The researchers, headed by the U.S. National Center for Atmospheric Research, said their findings will help in predicting the intensity of certain climate phenomena, such as the Indian monsoon and tropical Pacific rainfall, years in advance.
An international team led by the National Center for Atmospheric Research in Boulder, Colo., used more than a century of weather observations and three powerful computer models to tackle one of the more difficult questions in meteorology: if the total energy reaching Earth from the sun varies by only 0.1 percent during the approximately 11-year solar cycle, how can it drive major changes in weather patterns on Earth?
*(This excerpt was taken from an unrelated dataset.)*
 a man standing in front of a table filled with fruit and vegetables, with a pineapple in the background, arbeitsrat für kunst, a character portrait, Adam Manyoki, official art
The answer, the study fond, has to do with the sun’s impact on two seemingly unrelated factors — chemicals in the stratosphere and the Pacific Ocean’s surface temperatures. The interaction, said the scientists, can intensify winds and rainfall, change sea surface temperatures and ultimately influence global weather.
With the help of increased computing power and improved models, as well as observational discoveries, we are uncovering more of how the mechanisms combine to connect solar variability to our weather and climate, Gerald Meehl, a NCAR scientist and the study’s lead author, said.
The research appears in the journal Science.